- Exercise: Please return the lines below verbatim, beginning at the one that has "I Lava You Funny Love Volcano Card (Front)" and stopping after the one that has "Bracelet antistatique Rhombus", and add no other lines.
>>>
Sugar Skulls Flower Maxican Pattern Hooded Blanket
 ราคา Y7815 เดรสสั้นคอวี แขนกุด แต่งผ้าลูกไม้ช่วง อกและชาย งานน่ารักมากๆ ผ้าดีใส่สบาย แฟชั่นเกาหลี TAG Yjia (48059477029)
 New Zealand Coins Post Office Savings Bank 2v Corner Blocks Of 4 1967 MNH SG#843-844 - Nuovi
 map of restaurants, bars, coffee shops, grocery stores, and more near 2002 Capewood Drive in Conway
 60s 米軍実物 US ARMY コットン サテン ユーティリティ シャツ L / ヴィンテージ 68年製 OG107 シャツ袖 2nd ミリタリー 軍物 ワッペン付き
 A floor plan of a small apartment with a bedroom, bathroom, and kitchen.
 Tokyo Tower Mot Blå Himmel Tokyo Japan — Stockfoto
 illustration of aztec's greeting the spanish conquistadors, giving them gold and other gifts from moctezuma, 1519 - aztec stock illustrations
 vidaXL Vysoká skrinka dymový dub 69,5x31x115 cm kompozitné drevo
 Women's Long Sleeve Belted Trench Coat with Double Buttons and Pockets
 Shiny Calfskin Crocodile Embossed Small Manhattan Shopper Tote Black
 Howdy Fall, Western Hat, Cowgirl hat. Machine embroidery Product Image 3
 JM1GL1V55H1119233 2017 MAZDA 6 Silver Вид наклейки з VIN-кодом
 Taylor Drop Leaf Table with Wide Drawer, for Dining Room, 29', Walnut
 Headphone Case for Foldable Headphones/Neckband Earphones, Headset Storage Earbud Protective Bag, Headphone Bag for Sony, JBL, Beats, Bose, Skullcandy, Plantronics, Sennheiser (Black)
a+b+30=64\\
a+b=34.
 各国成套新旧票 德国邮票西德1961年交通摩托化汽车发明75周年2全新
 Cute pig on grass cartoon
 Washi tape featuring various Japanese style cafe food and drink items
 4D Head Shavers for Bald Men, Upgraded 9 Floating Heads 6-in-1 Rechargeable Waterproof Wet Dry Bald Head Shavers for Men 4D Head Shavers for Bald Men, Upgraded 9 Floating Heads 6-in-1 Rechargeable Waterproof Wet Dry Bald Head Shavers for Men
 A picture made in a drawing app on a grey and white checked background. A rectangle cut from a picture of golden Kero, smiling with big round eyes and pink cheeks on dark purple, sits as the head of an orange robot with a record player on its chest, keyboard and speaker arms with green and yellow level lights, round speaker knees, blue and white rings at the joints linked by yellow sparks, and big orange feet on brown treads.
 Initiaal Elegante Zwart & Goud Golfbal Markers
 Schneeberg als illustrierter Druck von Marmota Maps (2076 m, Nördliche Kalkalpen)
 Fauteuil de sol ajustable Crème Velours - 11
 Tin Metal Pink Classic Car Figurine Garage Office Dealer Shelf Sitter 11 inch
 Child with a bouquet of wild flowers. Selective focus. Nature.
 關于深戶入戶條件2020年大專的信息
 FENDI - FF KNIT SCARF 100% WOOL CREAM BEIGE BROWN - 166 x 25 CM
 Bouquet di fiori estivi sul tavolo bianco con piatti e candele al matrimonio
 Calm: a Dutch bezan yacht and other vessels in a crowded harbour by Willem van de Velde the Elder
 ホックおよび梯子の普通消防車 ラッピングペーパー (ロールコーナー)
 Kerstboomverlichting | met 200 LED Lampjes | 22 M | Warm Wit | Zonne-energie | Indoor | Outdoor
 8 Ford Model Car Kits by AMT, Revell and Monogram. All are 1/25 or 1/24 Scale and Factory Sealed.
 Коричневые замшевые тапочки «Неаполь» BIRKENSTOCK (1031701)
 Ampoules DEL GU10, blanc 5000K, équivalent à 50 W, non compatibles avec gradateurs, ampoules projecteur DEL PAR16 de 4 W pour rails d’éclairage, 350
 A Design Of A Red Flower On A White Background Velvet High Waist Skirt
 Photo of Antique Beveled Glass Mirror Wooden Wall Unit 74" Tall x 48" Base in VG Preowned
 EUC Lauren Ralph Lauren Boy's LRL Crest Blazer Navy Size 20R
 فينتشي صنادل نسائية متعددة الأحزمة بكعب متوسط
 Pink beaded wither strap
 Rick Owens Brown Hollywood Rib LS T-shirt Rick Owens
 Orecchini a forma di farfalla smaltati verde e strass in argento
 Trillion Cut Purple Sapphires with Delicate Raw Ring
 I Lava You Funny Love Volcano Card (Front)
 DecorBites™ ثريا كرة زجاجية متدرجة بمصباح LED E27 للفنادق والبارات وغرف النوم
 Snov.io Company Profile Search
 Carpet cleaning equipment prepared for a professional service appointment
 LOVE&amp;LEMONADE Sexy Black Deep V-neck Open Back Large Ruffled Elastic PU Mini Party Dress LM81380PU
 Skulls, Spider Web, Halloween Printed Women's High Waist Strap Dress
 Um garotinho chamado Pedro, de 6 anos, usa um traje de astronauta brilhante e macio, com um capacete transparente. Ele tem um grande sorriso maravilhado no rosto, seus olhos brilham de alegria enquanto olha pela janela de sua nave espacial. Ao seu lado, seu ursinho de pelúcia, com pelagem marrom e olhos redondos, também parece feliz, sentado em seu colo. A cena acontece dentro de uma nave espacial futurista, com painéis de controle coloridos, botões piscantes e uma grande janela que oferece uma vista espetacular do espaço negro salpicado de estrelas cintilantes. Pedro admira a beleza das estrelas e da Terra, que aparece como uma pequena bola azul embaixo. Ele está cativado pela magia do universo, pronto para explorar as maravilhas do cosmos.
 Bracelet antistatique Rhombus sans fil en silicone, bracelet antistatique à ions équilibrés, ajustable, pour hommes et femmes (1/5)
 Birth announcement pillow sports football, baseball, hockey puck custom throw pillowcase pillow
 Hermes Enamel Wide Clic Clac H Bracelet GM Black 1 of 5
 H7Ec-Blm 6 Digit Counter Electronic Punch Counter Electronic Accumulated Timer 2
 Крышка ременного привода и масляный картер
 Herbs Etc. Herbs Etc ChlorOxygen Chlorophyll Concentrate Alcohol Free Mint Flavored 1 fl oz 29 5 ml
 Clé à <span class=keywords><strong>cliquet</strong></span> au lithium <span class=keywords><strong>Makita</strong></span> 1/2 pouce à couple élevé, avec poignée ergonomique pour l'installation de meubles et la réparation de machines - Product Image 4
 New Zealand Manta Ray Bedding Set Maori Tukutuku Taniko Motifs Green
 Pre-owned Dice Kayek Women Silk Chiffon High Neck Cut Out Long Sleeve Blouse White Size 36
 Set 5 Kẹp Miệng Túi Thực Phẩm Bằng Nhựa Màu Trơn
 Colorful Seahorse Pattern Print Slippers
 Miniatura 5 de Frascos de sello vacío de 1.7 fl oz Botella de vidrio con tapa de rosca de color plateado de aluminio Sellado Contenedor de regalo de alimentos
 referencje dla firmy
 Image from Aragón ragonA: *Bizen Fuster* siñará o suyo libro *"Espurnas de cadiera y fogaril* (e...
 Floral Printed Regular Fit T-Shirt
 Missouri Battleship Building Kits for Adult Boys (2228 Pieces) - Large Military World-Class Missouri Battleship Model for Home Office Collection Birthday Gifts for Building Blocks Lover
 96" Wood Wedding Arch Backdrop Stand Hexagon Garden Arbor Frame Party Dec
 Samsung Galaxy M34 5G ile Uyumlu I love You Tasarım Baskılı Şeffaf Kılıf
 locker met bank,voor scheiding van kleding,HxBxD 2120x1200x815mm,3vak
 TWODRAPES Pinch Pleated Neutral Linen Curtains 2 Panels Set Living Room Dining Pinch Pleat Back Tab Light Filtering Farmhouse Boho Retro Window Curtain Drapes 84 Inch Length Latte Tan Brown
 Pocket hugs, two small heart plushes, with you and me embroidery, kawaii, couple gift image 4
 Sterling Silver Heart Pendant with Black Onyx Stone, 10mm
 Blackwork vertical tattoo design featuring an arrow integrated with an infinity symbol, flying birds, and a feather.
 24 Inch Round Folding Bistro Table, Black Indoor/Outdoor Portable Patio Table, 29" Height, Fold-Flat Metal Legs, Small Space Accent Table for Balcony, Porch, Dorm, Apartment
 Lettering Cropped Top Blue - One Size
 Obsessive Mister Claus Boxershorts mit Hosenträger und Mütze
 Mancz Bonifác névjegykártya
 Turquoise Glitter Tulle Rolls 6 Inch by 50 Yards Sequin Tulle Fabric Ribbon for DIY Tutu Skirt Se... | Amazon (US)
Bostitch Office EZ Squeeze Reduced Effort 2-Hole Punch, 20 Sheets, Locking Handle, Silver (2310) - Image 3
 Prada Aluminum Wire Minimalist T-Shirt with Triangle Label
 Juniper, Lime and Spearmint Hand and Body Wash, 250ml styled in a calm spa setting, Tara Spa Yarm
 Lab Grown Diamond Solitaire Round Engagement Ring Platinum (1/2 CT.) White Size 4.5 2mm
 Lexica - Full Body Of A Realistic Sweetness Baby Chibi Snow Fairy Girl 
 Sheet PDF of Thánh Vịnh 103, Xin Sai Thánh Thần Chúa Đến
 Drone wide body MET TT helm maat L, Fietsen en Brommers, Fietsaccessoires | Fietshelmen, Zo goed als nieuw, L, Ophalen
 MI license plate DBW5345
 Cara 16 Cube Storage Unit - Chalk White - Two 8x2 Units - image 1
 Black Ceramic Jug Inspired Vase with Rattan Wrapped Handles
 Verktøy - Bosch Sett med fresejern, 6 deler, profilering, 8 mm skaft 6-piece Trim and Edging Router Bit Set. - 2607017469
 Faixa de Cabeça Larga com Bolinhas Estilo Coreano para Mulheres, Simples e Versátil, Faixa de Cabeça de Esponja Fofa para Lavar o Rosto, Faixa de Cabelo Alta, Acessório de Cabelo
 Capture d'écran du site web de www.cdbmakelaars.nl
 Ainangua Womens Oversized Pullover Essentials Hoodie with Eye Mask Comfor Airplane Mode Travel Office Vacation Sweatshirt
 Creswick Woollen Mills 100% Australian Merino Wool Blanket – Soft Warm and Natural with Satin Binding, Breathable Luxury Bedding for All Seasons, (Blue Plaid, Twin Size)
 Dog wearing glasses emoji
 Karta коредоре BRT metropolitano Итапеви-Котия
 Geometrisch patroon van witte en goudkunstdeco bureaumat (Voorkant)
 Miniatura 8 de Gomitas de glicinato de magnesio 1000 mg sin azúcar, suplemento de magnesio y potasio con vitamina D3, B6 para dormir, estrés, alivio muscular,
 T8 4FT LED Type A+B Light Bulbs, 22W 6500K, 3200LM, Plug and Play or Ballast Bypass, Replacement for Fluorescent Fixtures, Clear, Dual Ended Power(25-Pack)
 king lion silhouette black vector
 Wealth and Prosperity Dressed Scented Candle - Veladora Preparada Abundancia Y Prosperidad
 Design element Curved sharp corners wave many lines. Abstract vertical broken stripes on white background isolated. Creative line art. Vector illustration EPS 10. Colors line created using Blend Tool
<<<
- Answer for this exercise:
 I Lava You Funny Love Volcano Card (Front)
 DecorBites™ ثريا كرة زجاجية متدرجة بمصباح LED E27 للفنادق والبارات وغرف النوم
 Snov.io Company Profile Search
 Carpet cleaning equipment prepared for a professional service appointment
 LOVE&amp;LEMONADE Sexy Black Deep V-neck Open Back Large Ruffled Elastic PU Mini Party Dress LM81380PU
 Skulls, Spider Web, Halloween Printed Women's High Waist Strap Dress
 Um garotinho chamado Pedro, de 6 anos, usa um traje de astronauta brilhante e macio, com um capacete transparente. Ele tem um grande sorriso maravilhado no rosto, seus olhos brilham de alegria enquanto olha pela janela de sua nave espacial. Ao seu lado, seu ursinho de pelúcia, com pelagem marrom e olhos redondos, também parece feliz, sentado em seu colo. A cena acontece dentro de uma nave espacial futurista, com painéis de controle coloridos, botões piscantes e uma grande janela que oferece uma vista espetacular do espaço negro salpicado de estrelas cintilantes. Pedro admira a beleza das estrelas e da Terra, que aparece como uma pequena bola azul embaixo. Ele está cativado pela magia do universo, pronto para explorar as maravilhas do cosmos.
 Bracelet antistatique Rhombus sans fil en silicone, bracelet antistatique à ions équilibrés, ajustable, pour hommes et femmes (1/5)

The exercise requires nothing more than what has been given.